HSBC Set to Get Slammed With Largest-Ever Anti-Money Laundering Fine

HSBC, one of the largest financial institutions in the Western world–and one that stands at the forefront of the financial jihad, is set to be fined millions of dollars for lax compliance with regulations to combat money laundering.

The article below comes from an email bulletin sent out by the good folks at MoneyLaundering.com

Expected HSBC AML Fine Could Be Largest Ever: Sources

By Brian Monroe

The U.S. Justice Department is seeking to fine HSBC USA as much as $500 million for anti-money laundering compliance problems, an amount that would be the largest-ever penalty for such violations, say individuals familiar with the investigation.

Department officials have floated the dollar amount, in part, because they believe HSBC’s violations outstrip those of Wachovia Bank, which paid $160 million in March for its risky ties to Mexican foreign currency exchange houses, according to a person familiar with the matter who has read documents tied to the case.

The potential Justice Department fine, first disclosed by HSBC in an August 2 quarterly report, could be as long as 18-months off and the final dollar amount may be lowered due to bank cooperation, the person said.

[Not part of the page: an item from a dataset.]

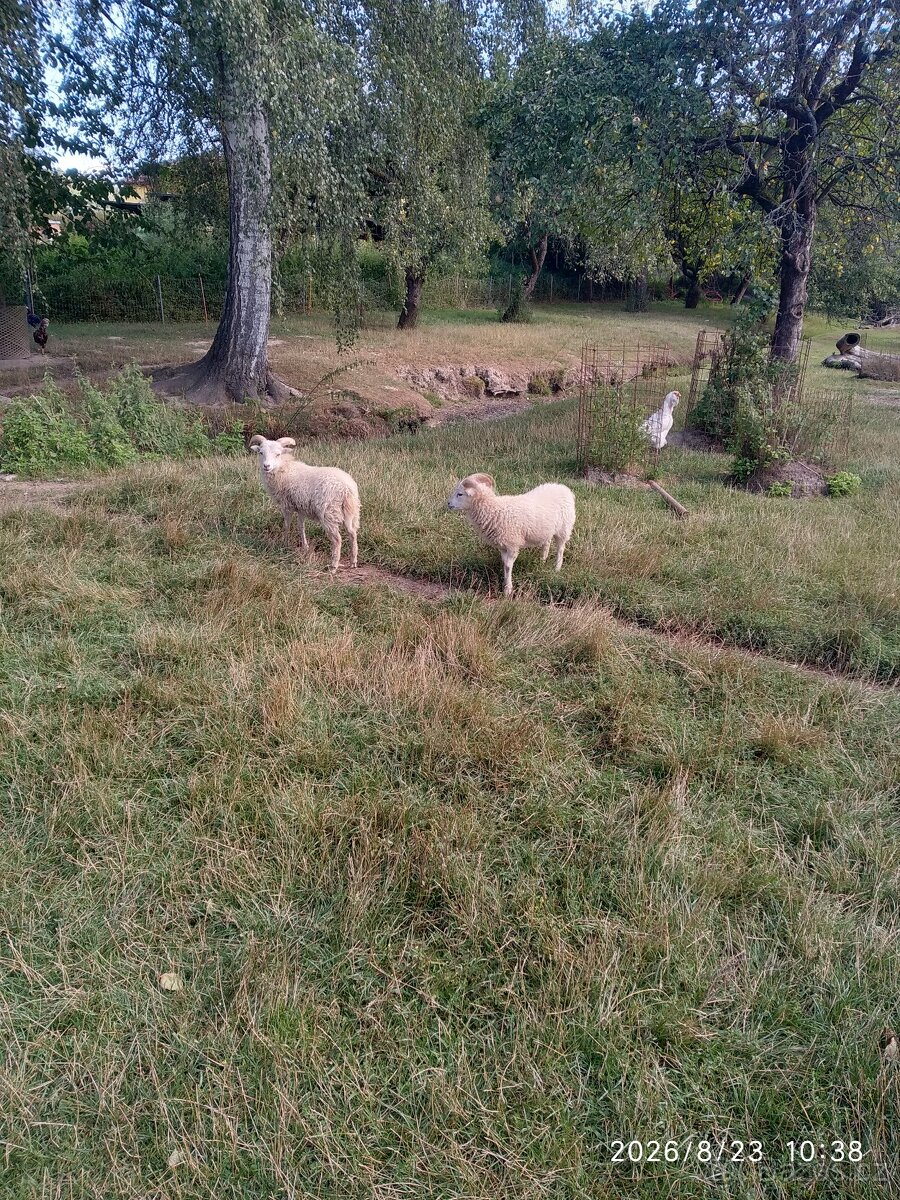 Ovce ouessantské, miniovečky.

The $500 million figure reflects the wide-ranging nature of problems at HSBC, said a person with government experience who has knowledge of the investigation. The bank’s officials were aware of “serious” AML problems, which dated back four years, but didn’t quickly act to correct them, the person said.

Like the Wachovia case, HSBC’s alleged violations involve correspondent relationships in Mexico and other high-risk countries in Latin America, multiple individuals with knowledge of the investigation said. The violations also involve understaffing, poor transaction monitoring and problems with attrition among senior compliance officials, they said.

Investigators are additionally looking into potential risks tied to HSBC premier accounts, which allow the bank’s clients with more than $100,000 to transfer funds online between their HSBC accounts anywhere in the world, according to the person who has seen case documentation.

In the August regulatory filing, HSBC said it would “likely” be the subject of a formal enforcement action and could pay a monetary penalty for problems with its banknote business and its correspondent relationships. In addition to its anti-money laundering (AML) troubles, the bank is the subject of a separate probe by the U.S. Treasury Department’s Office of Foreign Assets Control over possible economic sanctions violations.

In a response to queries about the timing of a possible penalty, an HSBC spokesman said that the bank could not provide details beyond what was included in its regulatory filing.

“We take regulatory matters very seriously, and we are working closely with our regulators and actively resolving these issues,” he said, in an e-mail. “HSBC is committed to a strong compliance capability.”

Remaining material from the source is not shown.